Provided data:
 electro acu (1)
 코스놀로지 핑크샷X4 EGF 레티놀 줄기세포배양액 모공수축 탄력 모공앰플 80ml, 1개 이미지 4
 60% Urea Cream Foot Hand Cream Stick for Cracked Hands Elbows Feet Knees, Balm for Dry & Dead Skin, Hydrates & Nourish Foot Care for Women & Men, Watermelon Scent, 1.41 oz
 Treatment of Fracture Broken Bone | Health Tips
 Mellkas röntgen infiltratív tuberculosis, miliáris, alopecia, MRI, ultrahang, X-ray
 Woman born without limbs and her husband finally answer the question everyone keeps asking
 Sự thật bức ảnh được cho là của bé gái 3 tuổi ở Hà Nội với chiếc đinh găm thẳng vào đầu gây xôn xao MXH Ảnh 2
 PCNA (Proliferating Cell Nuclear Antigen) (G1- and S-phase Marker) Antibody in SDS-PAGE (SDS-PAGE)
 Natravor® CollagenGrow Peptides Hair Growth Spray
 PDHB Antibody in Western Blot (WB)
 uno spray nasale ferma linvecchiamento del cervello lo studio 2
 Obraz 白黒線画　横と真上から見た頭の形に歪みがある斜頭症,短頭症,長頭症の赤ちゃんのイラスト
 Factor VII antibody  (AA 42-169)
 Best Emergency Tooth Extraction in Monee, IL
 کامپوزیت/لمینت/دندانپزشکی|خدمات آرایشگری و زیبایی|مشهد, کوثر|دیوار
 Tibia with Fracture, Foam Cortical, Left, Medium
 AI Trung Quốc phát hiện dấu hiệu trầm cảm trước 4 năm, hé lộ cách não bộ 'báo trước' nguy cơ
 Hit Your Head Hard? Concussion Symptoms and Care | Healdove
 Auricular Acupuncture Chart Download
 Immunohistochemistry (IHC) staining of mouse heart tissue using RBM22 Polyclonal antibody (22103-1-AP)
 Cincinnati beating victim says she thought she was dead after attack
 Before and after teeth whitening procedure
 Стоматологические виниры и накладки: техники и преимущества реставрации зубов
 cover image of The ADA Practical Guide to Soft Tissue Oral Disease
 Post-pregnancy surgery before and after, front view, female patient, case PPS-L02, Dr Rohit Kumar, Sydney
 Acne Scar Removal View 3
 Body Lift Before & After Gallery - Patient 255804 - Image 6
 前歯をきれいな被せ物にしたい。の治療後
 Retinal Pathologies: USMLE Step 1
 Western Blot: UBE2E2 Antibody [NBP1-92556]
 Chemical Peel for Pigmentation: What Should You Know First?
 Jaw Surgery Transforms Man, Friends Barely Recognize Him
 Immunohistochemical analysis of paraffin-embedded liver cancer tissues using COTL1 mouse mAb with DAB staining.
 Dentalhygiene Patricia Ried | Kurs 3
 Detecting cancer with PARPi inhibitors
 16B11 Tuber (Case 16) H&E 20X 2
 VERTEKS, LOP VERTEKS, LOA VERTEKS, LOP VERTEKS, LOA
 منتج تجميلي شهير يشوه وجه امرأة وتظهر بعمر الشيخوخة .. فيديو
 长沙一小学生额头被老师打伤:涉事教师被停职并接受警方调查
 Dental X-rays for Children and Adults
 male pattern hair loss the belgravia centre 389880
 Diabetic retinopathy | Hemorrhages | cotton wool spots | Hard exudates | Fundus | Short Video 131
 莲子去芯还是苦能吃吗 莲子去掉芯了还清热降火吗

What you need to do:
Go through the records and pull out each line that includes the word "cancer".

Answer:
 Immunohistochemical analysis of paraffin-embedded liver cancer tissues using COTL1 mouse mAb with DAB staining.
 Detecting cancer with PARPi inhibitors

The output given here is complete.